● **Stored data**:
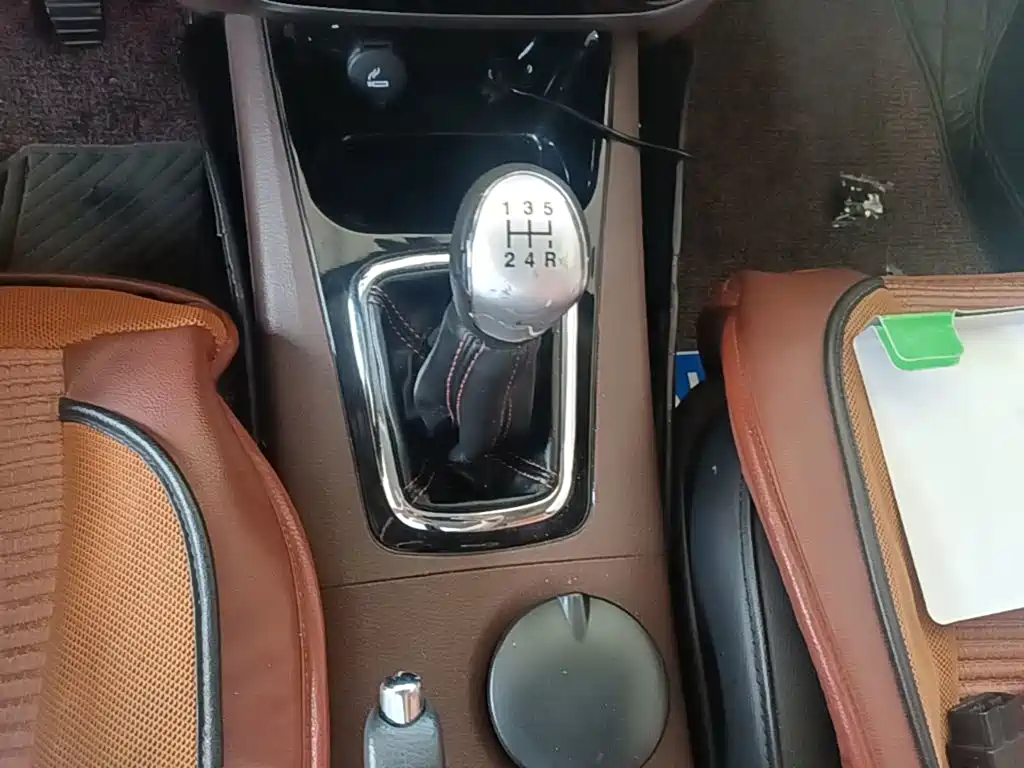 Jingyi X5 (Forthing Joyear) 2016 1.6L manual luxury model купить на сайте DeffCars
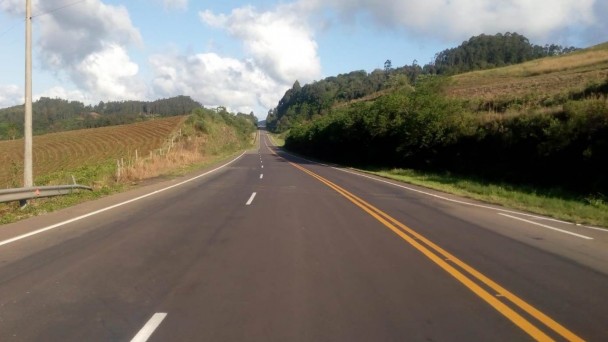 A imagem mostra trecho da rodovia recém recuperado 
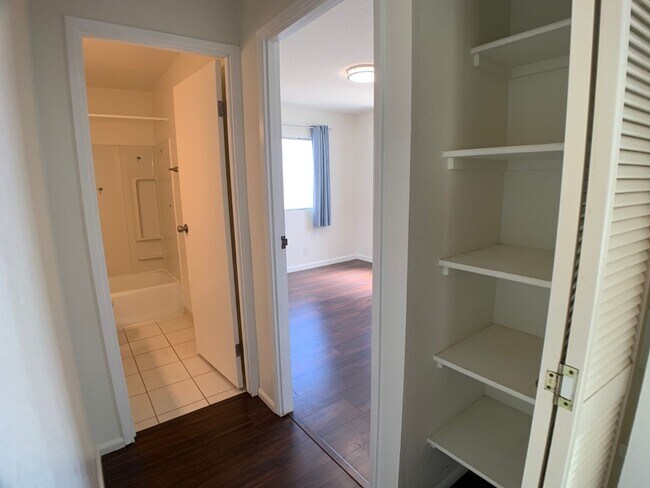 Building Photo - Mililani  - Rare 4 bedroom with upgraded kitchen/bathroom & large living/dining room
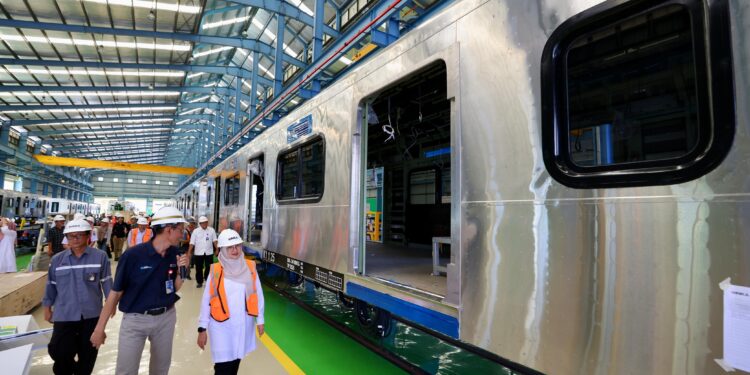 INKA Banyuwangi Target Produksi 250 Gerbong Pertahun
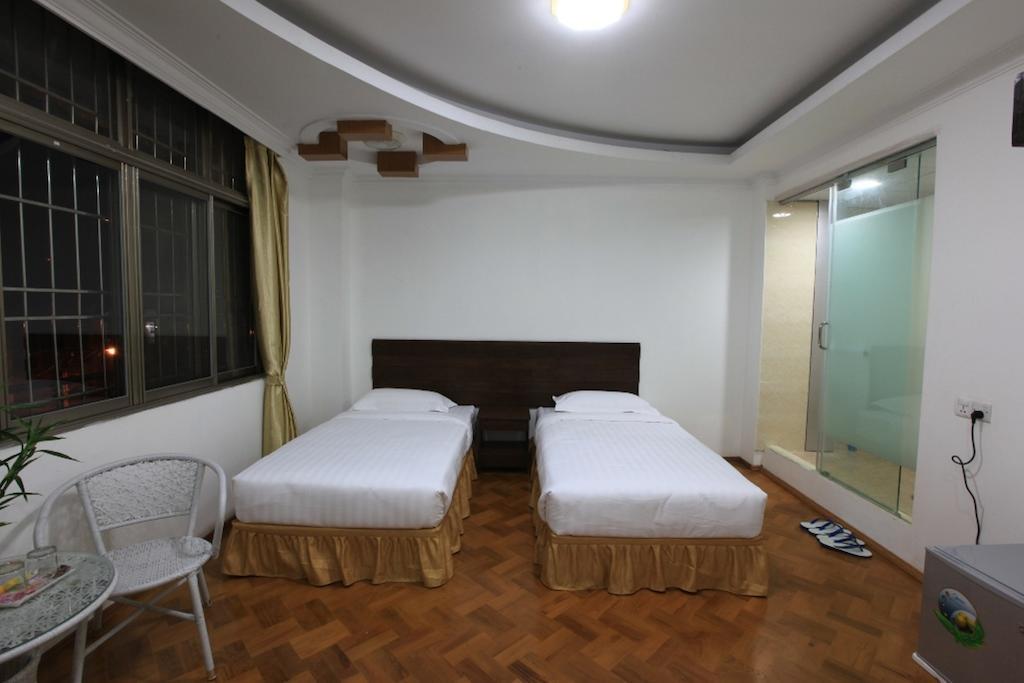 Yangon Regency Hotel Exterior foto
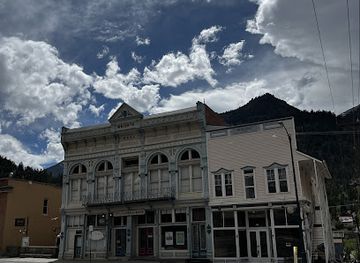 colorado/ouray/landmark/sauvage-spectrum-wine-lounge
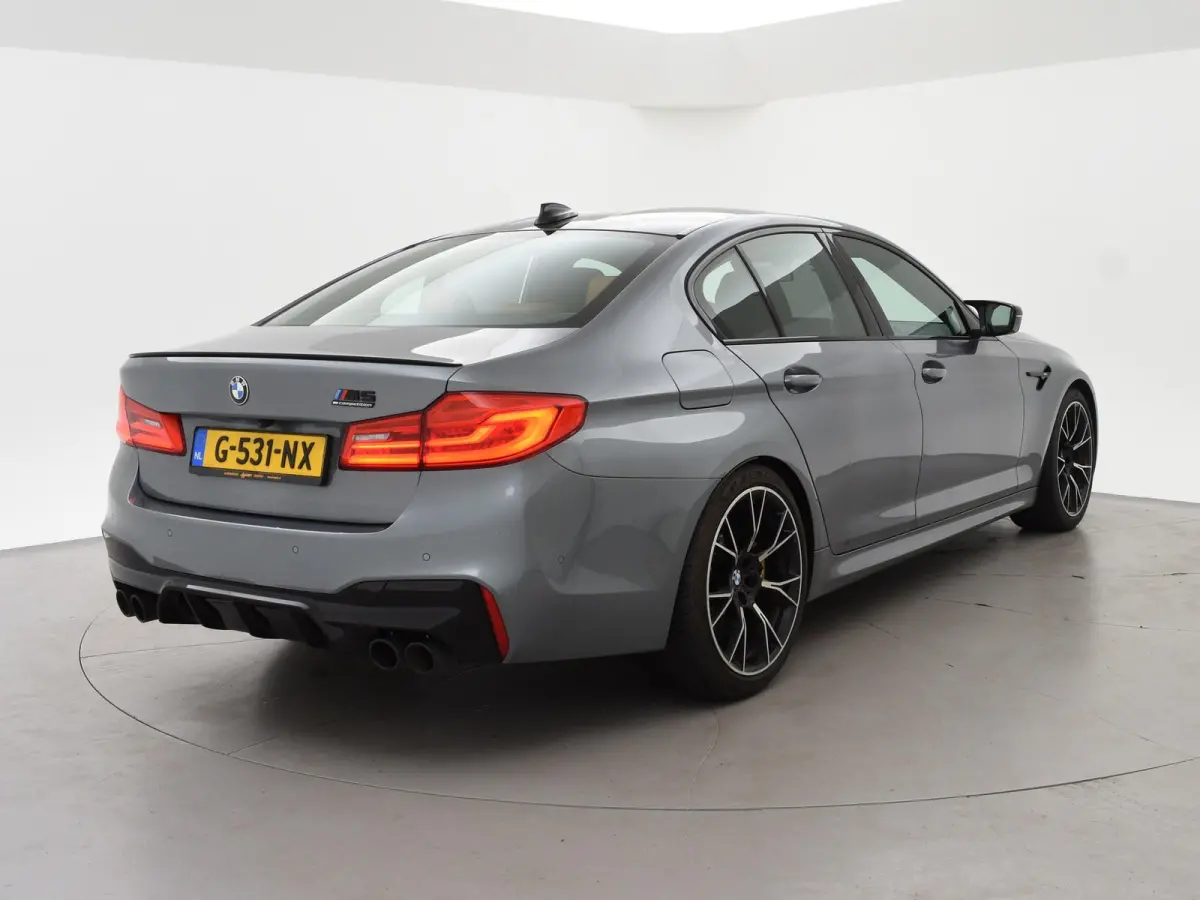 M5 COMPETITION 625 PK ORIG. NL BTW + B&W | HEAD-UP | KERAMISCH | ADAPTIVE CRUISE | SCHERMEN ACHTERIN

● **What is required**: The response should repeat each record precisely and contain no pictures.

● **Answer to the exercise**:
 Jingyi X5 (Forthing Joyear) 2016 1.6L manual luxury model купить на сайте DeffCars
 A imagem mostra trecho da rodovia recém recuperado 
 Building Photo - Mililani  - Rare 4 bedroom with upgraded kitchen/bathroom & large living/dining room
 INKA Banyuwangi Target Produksi 250 Gerbong Pertahun
 Yangon Regency Hotel Exterior foto
 colorado/ouray/landmark/sauvage-spectrum-wine-lounge
 M5 COMPETITION 625 PK ORIG. NL BTW + B&W | HEAD-UP | KERAMISCH | ADAPTIVE CRUISE | SCHERMEN ACHTERIN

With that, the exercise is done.